Repeat exactly, and only, the lines from the one containing "Enlarge BONEY, a" through the last line of the data below.

Start of Material provided

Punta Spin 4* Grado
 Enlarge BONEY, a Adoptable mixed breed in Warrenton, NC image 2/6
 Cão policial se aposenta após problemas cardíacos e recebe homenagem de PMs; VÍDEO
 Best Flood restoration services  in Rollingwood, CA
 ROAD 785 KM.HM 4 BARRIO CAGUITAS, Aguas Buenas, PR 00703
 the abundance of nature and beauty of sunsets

End of Material provided

* _Output of the exercise_:
 Enlarge BONEY, a Adoptable mixed breed in Warrenton, NC image 2/6
 Cão policial se aposenta após problemas cardíacos e recebe homenagem de PMs; VÍDEO
 Best Flood restoration services  in Rollingwood, CA
 ROAD 785 KM.HM 4 BARRIO CAGUITAS, Aguas Buenas, PR 00703
 the abundance of nature and beauty of sunsets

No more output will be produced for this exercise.